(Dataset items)
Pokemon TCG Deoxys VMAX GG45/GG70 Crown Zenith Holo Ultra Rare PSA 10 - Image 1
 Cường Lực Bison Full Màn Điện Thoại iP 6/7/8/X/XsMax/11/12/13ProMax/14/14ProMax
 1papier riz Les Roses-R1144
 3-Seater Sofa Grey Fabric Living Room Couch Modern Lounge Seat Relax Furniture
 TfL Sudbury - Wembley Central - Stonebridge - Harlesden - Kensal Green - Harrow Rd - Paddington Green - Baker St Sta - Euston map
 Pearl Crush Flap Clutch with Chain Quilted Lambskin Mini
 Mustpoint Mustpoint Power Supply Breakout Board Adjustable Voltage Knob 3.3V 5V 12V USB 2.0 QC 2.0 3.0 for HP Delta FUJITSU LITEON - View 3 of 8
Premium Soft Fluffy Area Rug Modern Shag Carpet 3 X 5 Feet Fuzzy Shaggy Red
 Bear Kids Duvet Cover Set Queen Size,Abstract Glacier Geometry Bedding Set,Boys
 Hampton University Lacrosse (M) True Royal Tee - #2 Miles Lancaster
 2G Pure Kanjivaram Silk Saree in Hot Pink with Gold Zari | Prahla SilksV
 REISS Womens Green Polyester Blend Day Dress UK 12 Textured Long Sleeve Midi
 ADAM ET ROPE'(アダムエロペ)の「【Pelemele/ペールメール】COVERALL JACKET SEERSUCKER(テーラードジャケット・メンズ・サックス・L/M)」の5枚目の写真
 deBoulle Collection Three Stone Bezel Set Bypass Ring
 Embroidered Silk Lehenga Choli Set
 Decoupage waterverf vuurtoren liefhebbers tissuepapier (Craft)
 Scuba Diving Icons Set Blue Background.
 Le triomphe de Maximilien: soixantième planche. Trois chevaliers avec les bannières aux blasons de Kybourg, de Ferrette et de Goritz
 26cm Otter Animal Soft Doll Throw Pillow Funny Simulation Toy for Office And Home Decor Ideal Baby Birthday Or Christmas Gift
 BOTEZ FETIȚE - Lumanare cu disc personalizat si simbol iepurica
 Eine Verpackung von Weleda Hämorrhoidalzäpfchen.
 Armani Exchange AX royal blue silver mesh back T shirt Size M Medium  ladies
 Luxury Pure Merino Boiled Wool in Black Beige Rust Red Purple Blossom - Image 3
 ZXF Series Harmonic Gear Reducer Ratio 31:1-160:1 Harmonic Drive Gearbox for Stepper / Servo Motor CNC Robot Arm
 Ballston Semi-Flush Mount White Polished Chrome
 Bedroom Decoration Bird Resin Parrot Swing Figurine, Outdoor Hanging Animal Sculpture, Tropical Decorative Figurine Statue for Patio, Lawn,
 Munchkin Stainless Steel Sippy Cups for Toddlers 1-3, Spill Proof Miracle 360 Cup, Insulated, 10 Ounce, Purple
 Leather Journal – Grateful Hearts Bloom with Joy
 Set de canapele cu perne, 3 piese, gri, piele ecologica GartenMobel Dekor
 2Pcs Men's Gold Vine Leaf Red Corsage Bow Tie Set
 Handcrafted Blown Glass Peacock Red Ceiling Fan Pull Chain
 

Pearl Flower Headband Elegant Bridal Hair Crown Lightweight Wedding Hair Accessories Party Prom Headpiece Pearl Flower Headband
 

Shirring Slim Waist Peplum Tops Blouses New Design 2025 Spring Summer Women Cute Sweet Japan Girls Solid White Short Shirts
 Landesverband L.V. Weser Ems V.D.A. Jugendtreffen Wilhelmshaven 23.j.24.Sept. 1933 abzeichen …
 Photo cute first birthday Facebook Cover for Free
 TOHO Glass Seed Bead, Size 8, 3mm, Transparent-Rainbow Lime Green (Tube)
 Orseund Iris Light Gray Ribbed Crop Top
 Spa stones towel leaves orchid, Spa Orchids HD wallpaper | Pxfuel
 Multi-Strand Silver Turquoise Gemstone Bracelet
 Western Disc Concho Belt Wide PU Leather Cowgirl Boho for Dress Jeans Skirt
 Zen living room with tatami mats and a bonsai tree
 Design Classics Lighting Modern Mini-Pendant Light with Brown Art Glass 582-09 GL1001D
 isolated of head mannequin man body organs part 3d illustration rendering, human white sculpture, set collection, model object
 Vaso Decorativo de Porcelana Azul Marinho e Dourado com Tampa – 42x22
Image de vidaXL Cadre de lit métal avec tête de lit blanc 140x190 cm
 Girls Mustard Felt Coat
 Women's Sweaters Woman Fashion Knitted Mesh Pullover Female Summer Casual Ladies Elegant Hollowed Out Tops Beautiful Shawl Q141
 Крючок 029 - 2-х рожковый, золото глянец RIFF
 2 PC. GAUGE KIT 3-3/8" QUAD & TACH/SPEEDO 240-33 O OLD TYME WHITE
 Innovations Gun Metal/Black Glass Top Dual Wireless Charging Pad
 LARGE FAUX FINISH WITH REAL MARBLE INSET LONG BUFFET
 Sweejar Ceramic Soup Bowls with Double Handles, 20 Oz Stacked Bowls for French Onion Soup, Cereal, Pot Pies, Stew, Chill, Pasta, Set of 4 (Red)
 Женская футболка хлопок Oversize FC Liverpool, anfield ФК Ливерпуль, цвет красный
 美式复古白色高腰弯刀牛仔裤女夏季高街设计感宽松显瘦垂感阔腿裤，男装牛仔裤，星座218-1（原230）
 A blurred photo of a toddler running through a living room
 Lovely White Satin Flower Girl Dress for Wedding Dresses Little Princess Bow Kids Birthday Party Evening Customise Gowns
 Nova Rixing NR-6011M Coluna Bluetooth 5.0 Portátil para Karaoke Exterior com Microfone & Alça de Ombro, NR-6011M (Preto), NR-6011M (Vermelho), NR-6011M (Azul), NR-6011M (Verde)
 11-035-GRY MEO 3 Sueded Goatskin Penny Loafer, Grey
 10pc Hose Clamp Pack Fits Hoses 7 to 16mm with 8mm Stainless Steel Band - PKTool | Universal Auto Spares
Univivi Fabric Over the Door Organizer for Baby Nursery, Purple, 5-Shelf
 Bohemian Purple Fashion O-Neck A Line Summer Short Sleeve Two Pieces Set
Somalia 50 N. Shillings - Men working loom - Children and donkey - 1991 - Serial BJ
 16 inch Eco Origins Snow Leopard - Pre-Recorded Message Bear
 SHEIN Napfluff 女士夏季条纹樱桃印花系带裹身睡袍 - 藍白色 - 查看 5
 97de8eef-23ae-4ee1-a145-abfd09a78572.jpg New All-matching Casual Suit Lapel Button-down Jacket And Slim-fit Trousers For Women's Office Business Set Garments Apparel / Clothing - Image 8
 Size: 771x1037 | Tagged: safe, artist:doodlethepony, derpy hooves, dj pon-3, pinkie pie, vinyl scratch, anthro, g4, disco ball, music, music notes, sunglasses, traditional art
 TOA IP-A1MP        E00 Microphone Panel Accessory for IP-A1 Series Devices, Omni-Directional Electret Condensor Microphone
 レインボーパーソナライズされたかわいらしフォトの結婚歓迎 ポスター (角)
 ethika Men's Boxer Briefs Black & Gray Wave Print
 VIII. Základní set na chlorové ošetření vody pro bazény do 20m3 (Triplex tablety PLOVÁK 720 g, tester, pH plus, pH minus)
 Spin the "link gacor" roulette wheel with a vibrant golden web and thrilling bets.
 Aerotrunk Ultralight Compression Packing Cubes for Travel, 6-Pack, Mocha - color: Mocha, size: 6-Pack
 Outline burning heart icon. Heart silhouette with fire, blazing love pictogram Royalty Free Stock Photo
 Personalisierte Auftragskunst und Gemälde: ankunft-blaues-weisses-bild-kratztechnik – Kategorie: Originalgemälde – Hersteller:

## EXERCISE REQUIREMENTS:
Reproduce the entries exactly, starting at their first line and stopping after the line with "Mustpoint Mustpoint Power".

## ANSWER FOR THE TASK:
Pokemon TCG Deoxys VMAX GG45/GG70 Crown Zenith Holo Ultra Rare PSA 10 - Image 1
 Cường Lực Bison Full Màn Điện Thoại iP 6/7/8/X/XsMax/11/12/13ProMax/14/14ProMax
 1papier riz Les Roses-R1144
 3-Seater Sofa Grey Fabric Living Room Couch Modern Lounge Seat Relax Furniture
 TfL Sudbury - Wembley Central - Stonebridge - Harlesden - Kensal Green - Harrow Rd - Paddington Green - Baker St Sta - Euston map
 Pearl Crush Flap Clutch with Chain Quilted Lambskin Mini
 Mustpoint Mustpoint Power Supply Breakout Board Adjustable Voltage Knob 3.3V 5V 12V USB 2.0 QC 2.0 3.0 for HP Delta FUJITSU LITEON - View 3 of 8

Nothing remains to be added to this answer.